Restoring a national treasure
St Edward’s Presbytery was part of Pugin’s vision for an ideal Catholic community.
The Landmark Trust is a charity that carefully and sensitively restores historic buildings across the country, making them available for holidaymakers to rent out and experience.
When St Edward’s Presbytery in Ramsgate came on the market, the Landmark Trust was very keen to purchase and restore this historic building. Situated next to The Grange, Pugin’s family home, the Presbytery was an integral part of the architect’s vision for a thriving Catholic community, but it had fallen into disrepair.
The Landmark Trust already owned The Grange, and thankfully due to a timely legacy they were also able to purchase the Presbytery in 2010. Yet a series of poor renovations and additions as well as general disrepair meant there was still a lot of work to do.

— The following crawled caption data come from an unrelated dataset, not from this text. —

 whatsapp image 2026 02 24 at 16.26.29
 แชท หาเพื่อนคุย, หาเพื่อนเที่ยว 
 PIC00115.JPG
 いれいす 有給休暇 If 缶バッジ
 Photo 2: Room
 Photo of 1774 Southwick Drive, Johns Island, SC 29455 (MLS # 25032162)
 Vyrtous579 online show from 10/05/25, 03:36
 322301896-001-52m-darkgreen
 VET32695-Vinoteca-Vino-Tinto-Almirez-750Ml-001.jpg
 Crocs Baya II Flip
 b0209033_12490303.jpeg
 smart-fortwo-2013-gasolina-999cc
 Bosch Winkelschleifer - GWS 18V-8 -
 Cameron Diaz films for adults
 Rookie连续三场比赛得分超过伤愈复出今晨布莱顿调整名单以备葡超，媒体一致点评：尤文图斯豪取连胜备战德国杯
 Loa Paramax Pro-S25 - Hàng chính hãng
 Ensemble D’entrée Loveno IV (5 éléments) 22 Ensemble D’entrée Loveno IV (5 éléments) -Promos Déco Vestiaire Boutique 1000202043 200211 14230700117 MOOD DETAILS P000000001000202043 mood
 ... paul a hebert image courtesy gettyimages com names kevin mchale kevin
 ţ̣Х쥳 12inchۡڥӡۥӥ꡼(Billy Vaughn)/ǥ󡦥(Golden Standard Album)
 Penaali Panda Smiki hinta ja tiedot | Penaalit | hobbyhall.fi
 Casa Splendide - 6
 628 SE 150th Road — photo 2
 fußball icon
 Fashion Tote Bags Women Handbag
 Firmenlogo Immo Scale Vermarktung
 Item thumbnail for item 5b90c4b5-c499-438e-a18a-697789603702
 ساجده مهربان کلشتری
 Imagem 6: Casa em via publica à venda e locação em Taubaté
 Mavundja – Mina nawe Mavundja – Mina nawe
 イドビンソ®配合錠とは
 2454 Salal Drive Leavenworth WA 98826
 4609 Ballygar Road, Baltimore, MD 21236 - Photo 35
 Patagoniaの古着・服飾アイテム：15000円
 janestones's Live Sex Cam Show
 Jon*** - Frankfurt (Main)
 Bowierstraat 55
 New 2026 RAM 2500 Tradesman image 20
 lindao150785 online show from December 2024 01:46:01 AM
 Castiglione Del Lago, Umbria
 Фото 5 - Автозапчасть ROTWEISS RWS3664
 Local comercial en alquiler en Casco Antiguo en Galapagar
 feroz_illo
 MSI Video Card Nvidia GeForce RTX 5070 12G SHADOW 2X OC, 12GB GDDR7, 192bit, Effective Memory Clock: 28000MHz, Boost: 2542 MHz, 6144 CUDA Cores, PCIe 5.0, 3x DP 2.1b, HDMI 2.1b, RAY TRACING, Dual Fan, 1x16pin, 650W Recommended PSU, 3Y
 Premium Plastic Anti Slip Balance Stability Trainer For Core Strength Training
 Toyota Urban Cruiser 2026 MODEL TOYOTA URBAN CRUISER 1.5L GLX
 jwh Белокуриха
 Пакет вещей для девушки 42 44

Benefiting a church community and the tourism industry
The Landmark Trust approached Allchurches Trust for a grant to carry out essential repairs to the Presbytery. On a site visit we were very impressed with the benefits that the restorations would bring to the area.
Not only would a restored Presbytery take pride of place next to the thriving church of St Augustine’s, it would provide much-needed employment and apprenticeships in a deprived area. Once the work was completed, it would also bring visitors to the area who would use local amenities.
“A visit really helped to demonstrate the shared space of the church and the Presbytery,” explains Paul Playford, Grants Officer for Allchurches Trust. “By visiting the site you get a true sense of how important it really is.”
We made a grant of £8,000 towards the restoration work, which involved removing the ill-considered additions to the main building, replacing rotten floors, opening up fireplaces and rebuilding their surrounds.
Builders and apprentices also rebuilt the staircase and reinstated the leaded-light windows, reusing original materials wherever possible.
The restoration of the Presbytery means that the whole site is now much as Pugin first intended, and the Presbytery has been open for booking from November 2015. “It’s brought a historic building back into use,” explains Paul, “And it will give a real boost to the local economy."